In Blue Bayou, which he wrote and directed, Chon disappears into the character of Antonio LeBlanc, a Korean adoptee who is turning his troubled life around in New Orleans. He loves his pregnant wife, Kathy (Alicia Vikander), and young stepdaughter Jessie (Sydney Kowalske), taking great pains to get away from his lucrative but shady past as a motorcycle thief. After a police run-in, his (lack of) citizenship status becomes a flashpoint that threatens to tear him from his family and the only life he’s ever known.
The film, which premiered at Cannes, is Chon’s fourth feature. For some, he rose to prominence as Eric Yorkie in the supernatural YA franchise Twilight. Others may know him better for winning the NEXT Audience Award at the 2017 Sundance Film Festival for his film Gook – which he also wrote, directed and starred in.
Chon’s latest film takes him the furthest he’s ever been outside his own skin with a little-known story – someone else’s story – of immigration. He got to know many adoptees whose experiences were the inspiration for Antonio and the challenges thrust upon him. For various reasons, these adoptees did not have their U.S. citizenship properly looked after, a circumstance that, if discovered, could lead to deportation.
Over Zoom from Los Angeles, Chon unpacked the complicated issues that ground the world of Blue Bayou.
Justin, you’ve gone now from Cannes to opening day. How does it feel to have this film finally out there after spending so many years on it? Four or five years was it?
It feels great. I’m anticipating the types of people who will see this and hoping that the right people will see this, so that the purpose of the film can be fulfilled.
Who are the right people in your mind?
Legislators, people who can actually do something about this issue. It’s pretty shocking how very few people know that adoptees are getting deported. It’s always been such a Mexican issue and a border issue, rather than immigration policy that also affects other people.

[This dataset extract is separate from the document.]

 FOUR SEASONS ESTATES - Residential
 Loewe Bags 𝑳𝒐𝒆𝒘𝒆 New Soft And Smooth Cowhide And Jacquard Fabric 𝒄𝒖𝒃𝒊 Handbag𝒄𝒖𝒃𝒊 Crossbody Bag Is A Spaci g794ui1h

I read that you had hundreds of hours of conversations with adoptees in making this film. How did that feedback inform the film?
One adoptee told me that a big moment in an adoptee’s life is when they have a child of their own, because it’s finally the first time in their life that they have someone that’s blood-related to them. When Antonio holds his child for the first time, he doesn’t say anything, but it’s very much emotionally felt. He’s like, “Oh my God, I’m holding my child.”
There’s also the misconception that an adoptee’s parents didn’t want them or wanted to kill them, when a lot of times it’s circumstantial. Those types of things crept into the film and I made sure to include them.
You’ve been asked a lot about intent, and who gets to tell whose stories. Now that you’re through the other side, what was the most important thing you did or learned as a storyteller?
Films can be powerful and actually change popular perception. So, normalizing things like interracial marriage. The fact that Antonio has a Louisianan accent and normalizing that we exist in those parts of the country. It shouldn’t be weird that an Asian man has a white stepchild. The fact that Vietnamese people do exist in the South and they were relocated there. That we can have multiple Asian-American ethnicities in one film and have them interact.
I think the best way for us to step into other people’s shoes and become empathetic is to tolerate this type of storytelling. It might not be your own experience, but give it two hours of your life and see what it does.
How do we best bridge those gaps of experience in our communities, between those who more or less grow up here versus those who immigrate at later ages?
Somebody told me you shouldn’t be able to tell someone else’s story until you’ve told your own effectively. So I started off telling Korean-American stories, but now it’s time that I be of service to other Asian ethnicities. I’ve just finished shooting a film with [Indonesian-born rapper] Rich Brian about an Indonesian father and son. I just directed the adaptation of [author Min Jin Lee’s] Pachinko for Apple TV and that’s in Korean, English and Japanese. I think it’s our responsibility as Asians to support one another. Go tell your own personal story, but also know that we need you in other spaces.
New Orleans feels almost like a dream at times the way you shot on film. You’ve mentioned John Cassavetes as an influence. Which of his films would you say are your favourite?
A Woman Under the Influence. Faces. The Killing of a Chinese Bookie. His films are very tactile, very personal and very human. I don’t even necessarily have to get into the story, it’s just about moments in his films.
At the same time, it’s funny: If you use a hand crank like I did in the film or any weird form of photography, people automatically go, “Oh he was influenced by Wong Kar-wai.” It’s not! Of course I love Wong Kar-wai, it’s a flattering thing. But it’s so funny because the hand crank was actually inspired by Tony Scott.
I was actually going to mention Wong Kar-wai before I read your production notes.
But it’s okay. That’s just our perception of Asian people in cinema, that that’s who we go to when we use those techniques. Wong Kar-wai was a genius and he changed the face of cinema forever. If they want to compare me to Wong Kar-wai, do it all day.
This interview has been edited and condensed. Blue Bayou is available in theatres starting Sept. 17.